Work item: When you reach the line that contains "Bomba Submersa De", begin copying exactly, and continue through the last line of the data; no pictures belong in the copy.

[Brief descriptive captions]

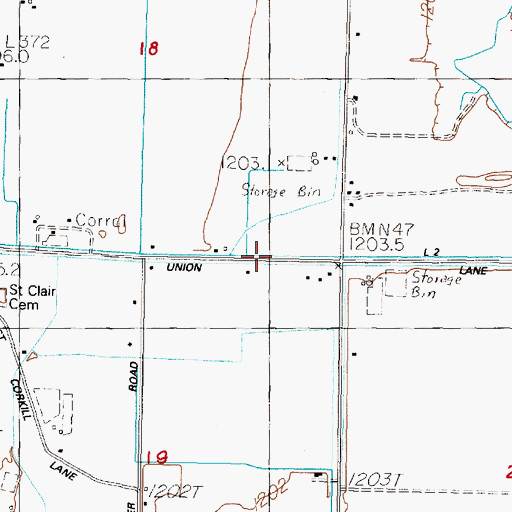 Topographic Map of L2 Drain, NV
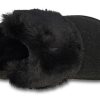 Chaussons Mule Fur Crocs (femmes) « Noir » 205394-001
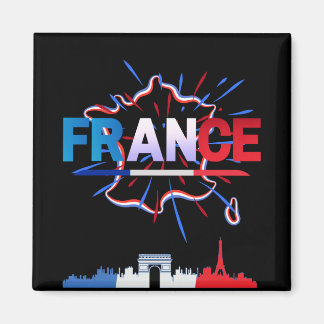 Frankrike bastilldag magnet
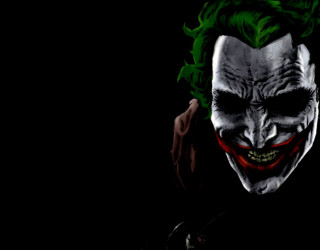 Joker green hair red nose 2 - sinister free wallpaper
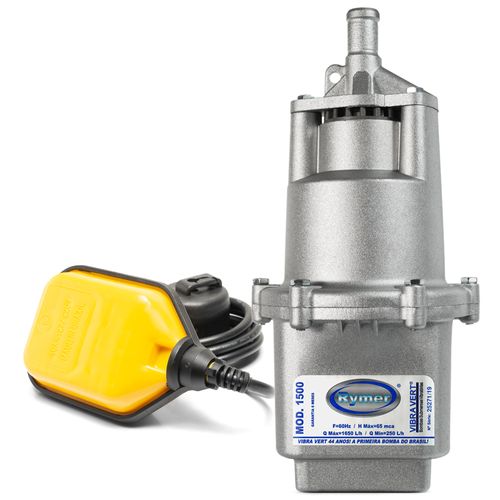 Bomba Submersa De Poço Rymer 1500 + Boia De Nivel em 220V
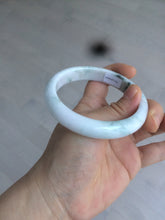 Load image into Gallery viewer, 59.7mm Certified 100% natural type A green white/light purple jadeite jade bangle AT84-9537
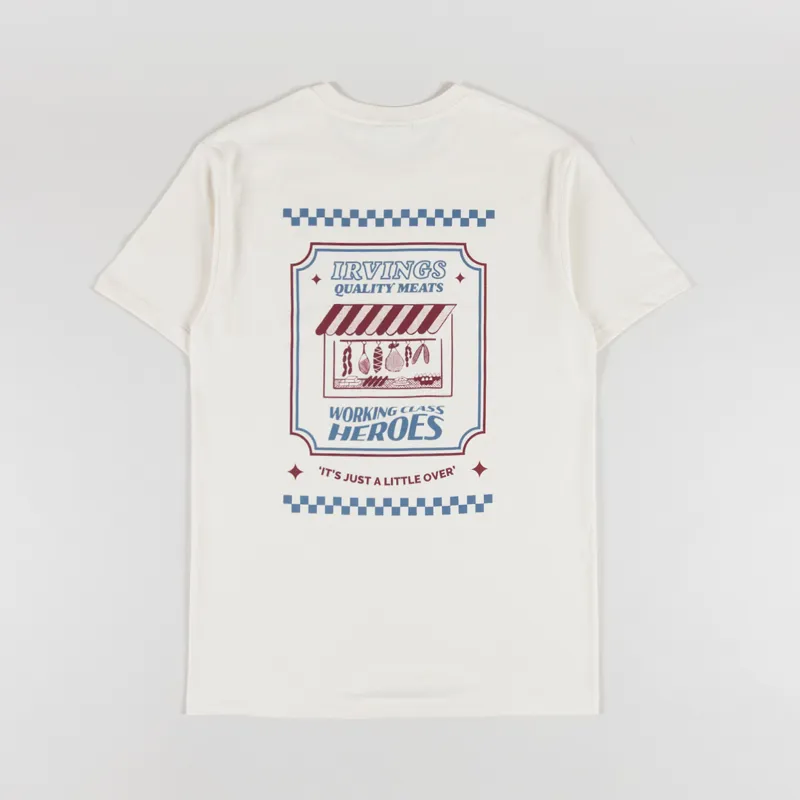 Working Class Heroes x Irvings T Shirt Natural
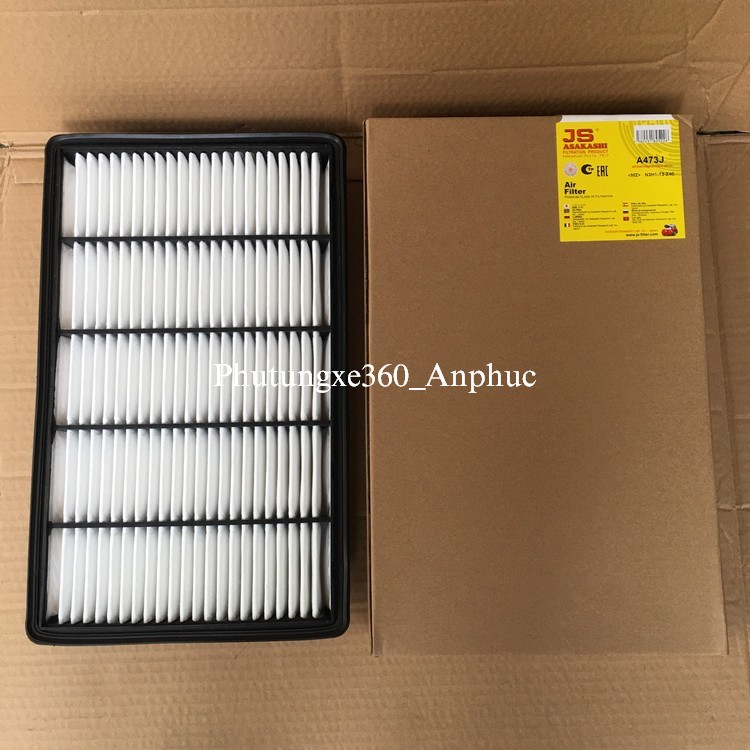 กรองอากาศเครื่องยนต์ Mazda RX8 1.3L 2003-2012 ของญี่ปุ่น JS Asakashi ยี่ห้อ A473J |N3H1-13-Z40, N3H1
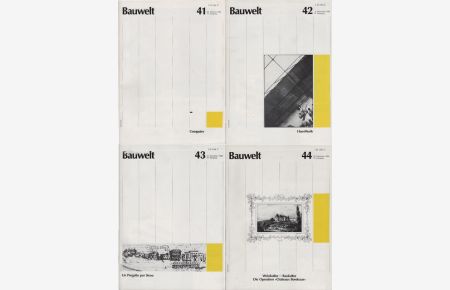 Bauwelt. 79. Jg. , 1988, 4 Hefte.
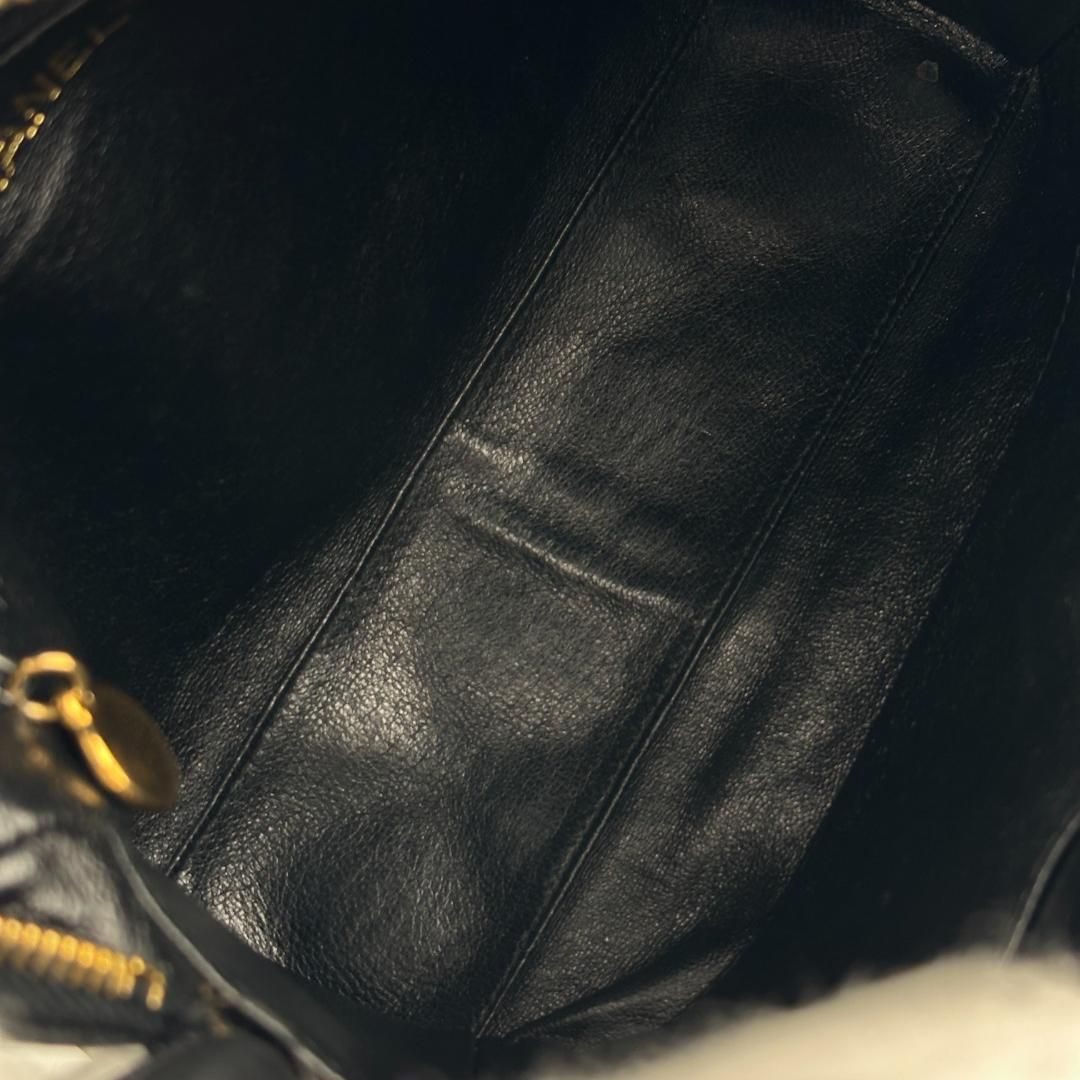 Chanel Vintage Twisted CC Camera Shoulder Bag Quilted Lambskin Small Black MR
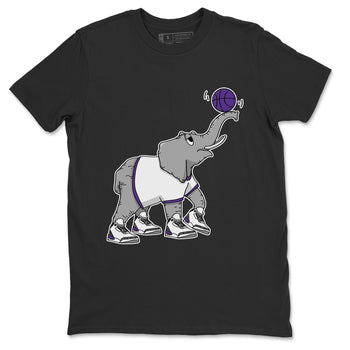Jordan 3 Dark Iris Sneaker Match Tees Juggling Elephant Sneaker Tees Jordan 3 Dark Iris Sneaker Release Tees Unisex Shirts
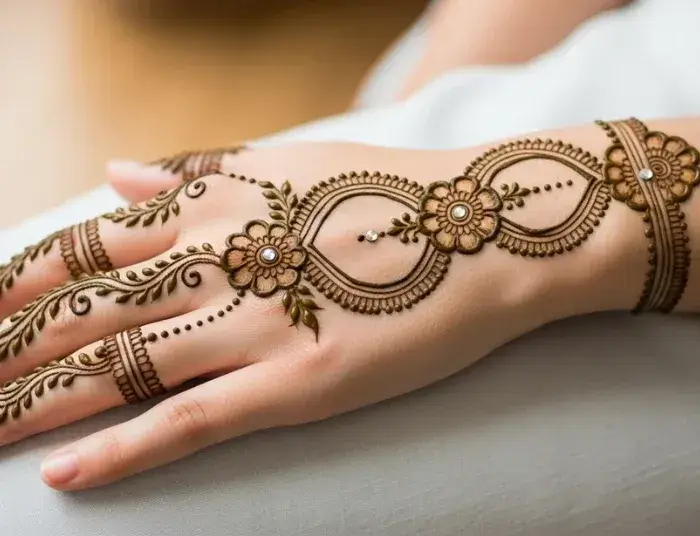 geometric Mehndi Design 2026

Solution for this exercise:
 Bomba Submersa De Poço Rymer 1500 + Boia De Nivel em 220V
 Load image into Gallery viewer, 59.7mm Certified 100% natural type A green white/light purple jadeite jade bangle AT84-9537
 Working Class Heroes x Irvings T Shirt Natural
 กรองอากาศเครื่องยนต์ Mazda RX8 1.3L 2003-2012 ของญี่ปุ่น JS Asakashi ยี่ห้อ A473J |N3H1-13-Z40, N3H1
 Bauwelt. 79. Jg. , 1988, 4 Hefte.
 Chanel Vintage Twisted CC Camera Shoulder Bag Quilted Lambskin Small Black MR
Jordan 3 Dark Iris Sneaker Match Tees Juggling Elephant Sneaker Tees Jordan 3 Dark Iris Sneaker Release Tees Unisex Shirts
 geometric Mehndi Design 2026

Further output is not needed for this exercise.